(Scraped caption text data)
....
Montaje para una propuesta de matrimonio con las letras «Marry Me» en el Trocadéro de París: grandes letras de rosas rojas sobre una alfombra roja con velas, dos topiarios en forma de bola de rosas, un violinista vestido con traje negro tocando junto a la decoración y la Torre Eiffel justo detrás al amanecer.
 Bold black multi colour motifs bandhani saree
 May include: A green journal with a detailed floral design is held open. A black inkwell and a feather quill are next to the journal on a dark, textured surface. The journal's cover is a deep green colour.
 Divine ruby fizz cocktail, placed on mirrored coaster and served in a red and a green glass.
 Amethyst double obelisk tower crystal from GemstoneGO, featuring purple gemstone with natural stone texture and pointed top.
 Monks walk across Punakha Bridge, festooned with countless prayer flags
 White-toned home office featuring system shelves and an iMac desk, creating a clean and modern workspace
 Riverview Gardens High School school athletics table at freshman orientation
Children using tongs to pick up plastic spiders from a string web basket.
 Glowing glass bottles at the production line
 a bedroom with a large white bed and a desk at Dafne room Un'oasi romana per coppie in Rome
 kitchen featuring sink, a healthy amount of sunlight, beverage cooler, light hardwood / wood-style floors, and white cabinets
....
Leaving no line out, return the data above verbatim.

Result for this task
Montaje para una propuesta de matrimonio con las letras «Marry Me» en el Trocadéro de París: grandes letras de rosas rojas sobre una alfombra roja con velas, dos topiarios en forma de bola de rosas, un violinista vestido con traje negro tocando junto a la decoración y la Torre Eiffel justo detrás al amanecer.
 Bold black multi colour motifs bandhani saree
 May include: A green journal with a detailed floral design is held open. A black inkwell and a feather quill are next to the journal on a dark, textured surface. The journal's cover is a deep green colour.
 Divine ruby fizz cocktail, placed on mirrored coaster and served in a red and a green glass.
 Amethyst double obelisk tower crystal from GemstoneGO, featuring purple gemstone with natural stone texture and pointed top.
 Monks walk across Punakha Bridge, festooned with countless prayer flags
 White-toned home office featuring system shelves and an iMac desk, creating a clean and modern workspace
 Riverview Gardens High School school athletics table at freshman orientation
Children using tongs to pick up plastic spiders from a string web basket.
 Glowing glass bottles at the production line
 a bedroom with a large white bed and a desk at Dafne room Un'oasi romana per coppie in Rome
 kitchen featuring sink, a healthy amount of sunlight, beverage cooler, light hardwood / wood-style floors, and white cabinets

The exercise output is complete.